日本のテレビ放送は1953年に、VHF波による本放送が開始されて以後、着実に放送局の数を増やしたが、当時、親局送信所放送区域は主に県庁所在地とその周辺が中心で、中継局の設置については区域境界での混信を抑えるため限られたことから、山間部などでは地形の都合で放送波の伝播が期待できず、各戸がアンテナを建てても放送波を受信することが困難な地域が多数存在した。そこで自治体などによる同軸ケーブル等による難視聴解消のための共同受信施設としての有線テレビ放送施設を設置する試みが行われ、群馬県伊香保温泉で第1号が設置された(1955年に実験を開始し、1956年に実用化)[1]

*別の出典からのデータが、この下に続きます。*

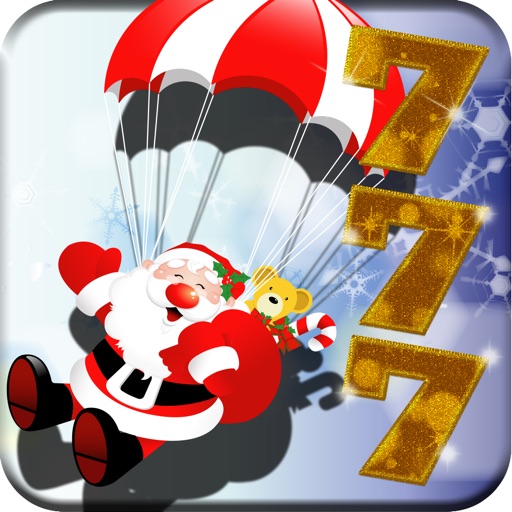 BigBell 777 - Free Slots Game For Christmas icon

「郡上八幡テレビ」は、同様の共同受信施設として1962年10月1日[1][2]に岐阜県八幡町で開局した。名古屋からの電波を洞泉寺山山頂に置かれたアンテナで受信して幹線ケーブルで市街地に送り、そこから加入者に分配するシステムだった[2]。開局直後、当時の施設組合長[2]が中心となって、この共同受信施設を利用した自主制作番組の放送を提案。中日新聞社東海電波監理局に協力を要請して承諾が得られた[1]。馬小屋だった建物を改装してスタジオとし、照明などは、印刷会社の経営者で、かつ町民劇団で舞台装置を製作した経験があった施設組合長が手作りした[2]

1963年7月13日より[2]試験放送を開始、同年9月2日19時30分より[1]第1回の自主放送「みんなで作る楽しい放送 八幡町民芸能大会[1]」と題する町民による演芸大会が生放送された。

自主放送では八幡町を含む郡上郡周辺地域における催事(祭礼、スポーツ大会、文化イベント等)の中継放送を行ったほか、中日新聞提供[2]によるニュース番組、趣味講座番組、学校や人物の紹介番組など地域密着型の番組編成を展開した[1]。また、CMの提供を受け付け、これも同局で制作された[1]

1964年9月20日にVHF波による郡上八幡中継局が開局して以降、各戸が直接テレビ電波を受信できる環境が整ったことから共同受信の加入者が減り、1965年10月以降は自主放送もほとんど行われなくなった[1]。1968年6月8日をもって共同受信組合は解散した[1]

その後、2004年に郡上市の運営による郡上ケーブルテレビが設立されている。

脚注[編集]

  1. ^ a b c d e f g h i j k l 日本のケーブルテレビ発展史 沿革I 連盟活動の軌跡 日本ケーブルテレビ連盟 - pp.19-21「郡上八幡の共聴施設で初の自主制作番組放送」を参照。
  2. ^ a b c d e f g h 山田晴通「町のテレビ局」郡上八幡テレビの素顔」 - 『CATV研究資料センター紀要』第5号(1988年)pp.15-22
  3. ^ 略称が同じ「GHK」だったラジオ局の旧・岐阜放送株式会社(ラジオ東海東海ラジオ放送の前身)とは無関係である。